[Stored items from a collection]
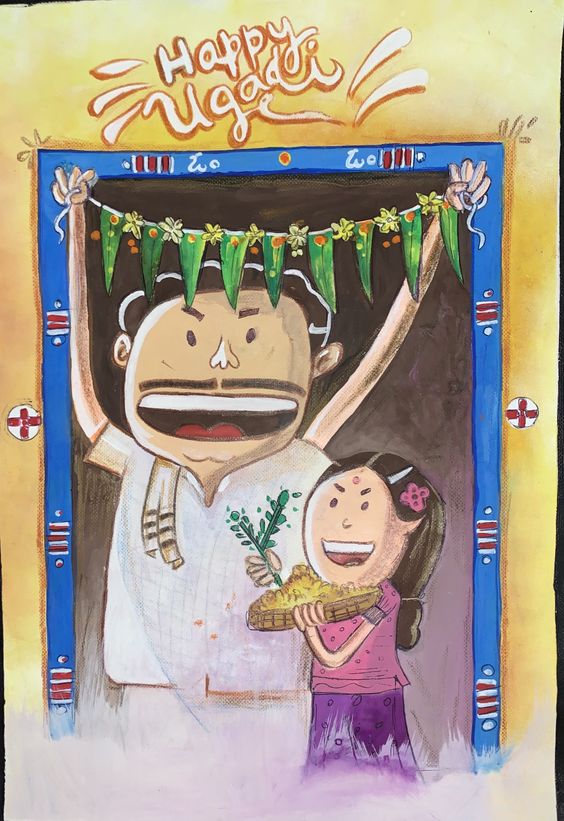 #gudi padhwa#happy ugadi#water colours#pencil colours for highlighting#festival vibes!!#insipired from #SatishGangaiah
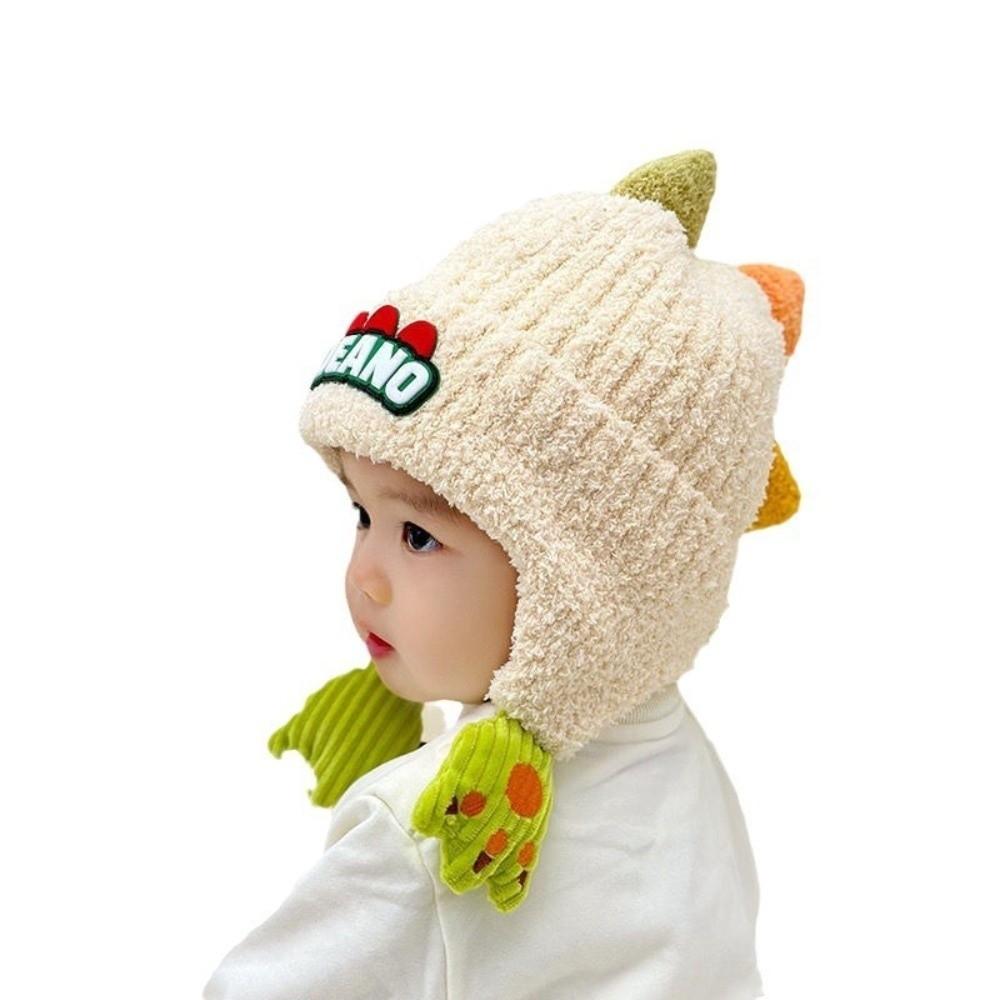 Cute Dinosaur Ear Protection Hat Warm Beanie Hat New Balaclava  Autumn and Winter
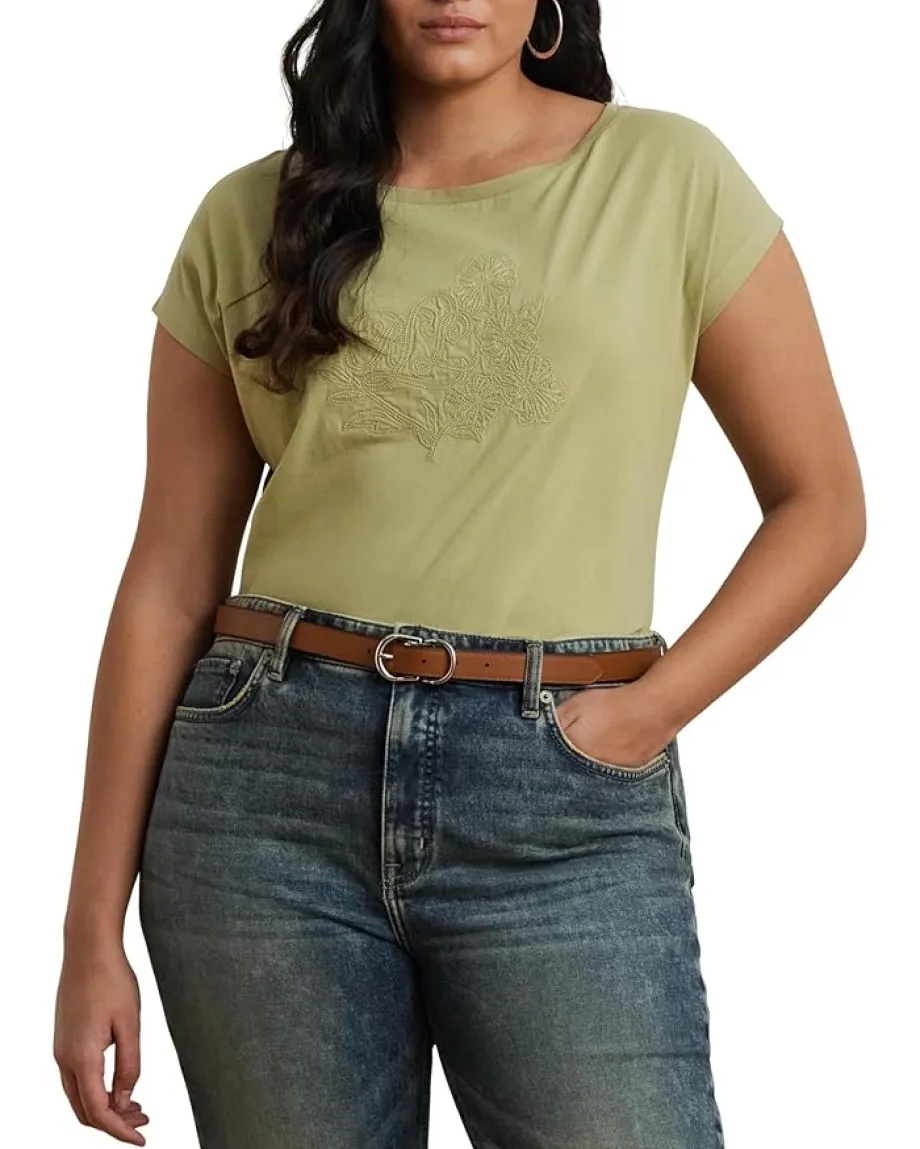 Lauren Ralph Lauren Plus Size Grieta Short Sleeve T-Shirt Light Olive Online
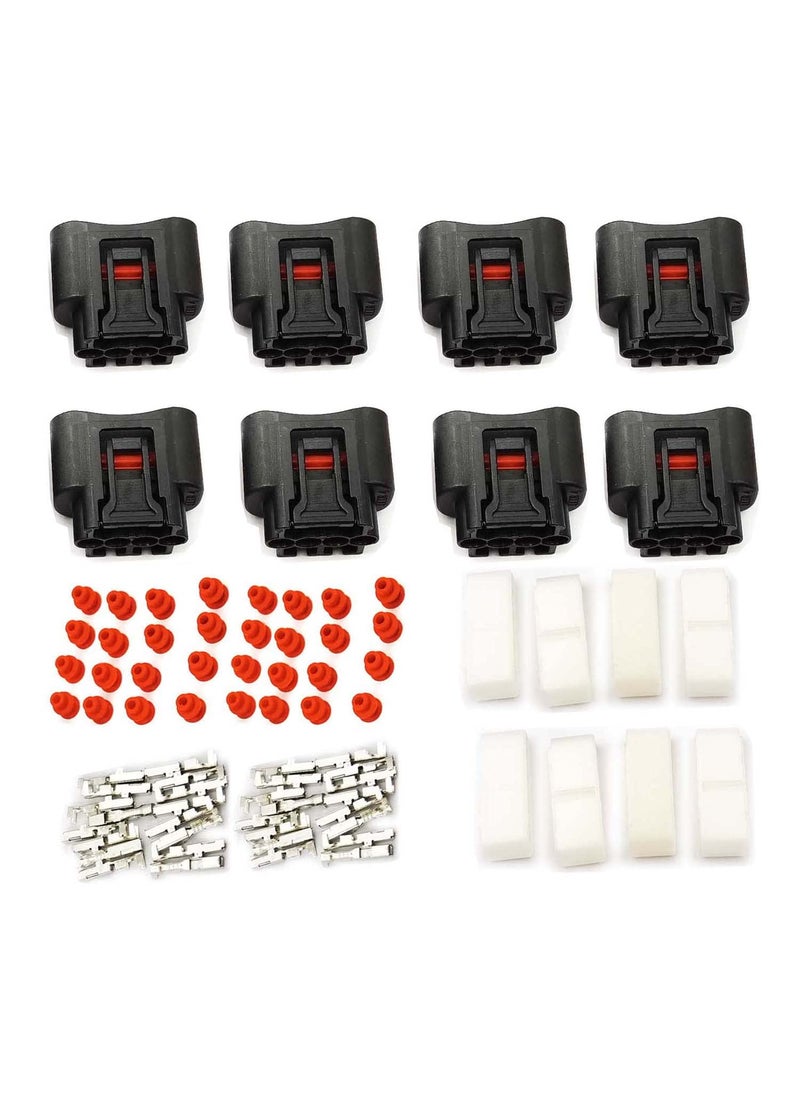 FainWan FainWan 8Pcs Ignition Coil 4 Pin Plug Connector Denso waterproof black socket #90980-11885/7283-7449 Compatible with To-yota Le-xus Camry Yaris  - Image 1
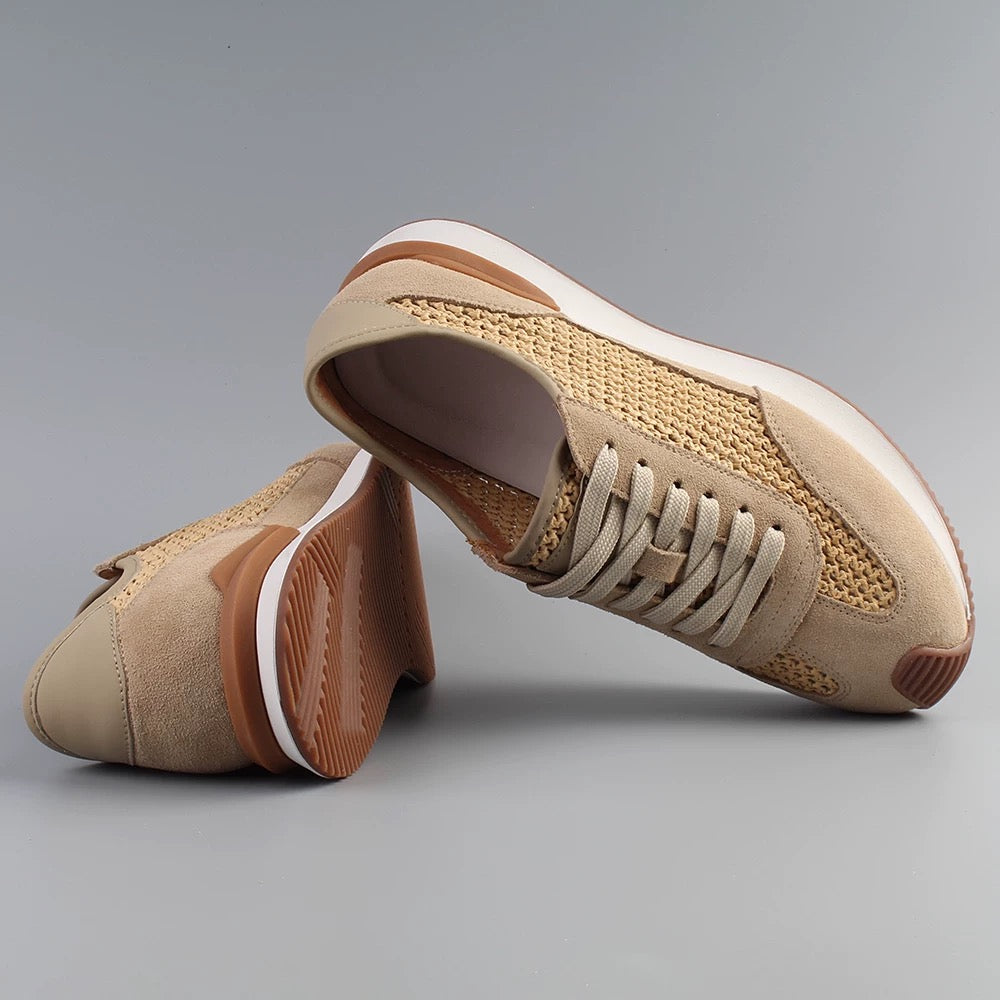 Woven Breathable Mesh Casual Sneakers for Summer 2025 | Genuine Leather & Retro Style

→ **WHAT THIS TASK INVOLVES**:
Give back each of the records above word for word, apart from the pictures.

→ **RESULT FOR THIS TASK**:
 #gudi padhwa#happy ugadi#water colours#pencil colours for highlighting#festival vibes!!#insipired from #SatishGangaiah
 Cute Dinosaur Ear Protection Hat Warm Beanie Hat New Balaclava  Autumn and Winter
 Lauren Ralph Lauren Plus Size Grieta Short Sleeve T-Shirt Light Olive Online
 FainWan FainWan 8Pcs Ignition Coil 4 Pin Plug Connector Denso waterproof black socket #90980-11885/7283-7449 Compatible with To-yota Le-xus Camry Yaris  - Image 1
 Woven Breathable Mesh Casual Sneakers for Summer 2025 | Genuine Leather & Retro Style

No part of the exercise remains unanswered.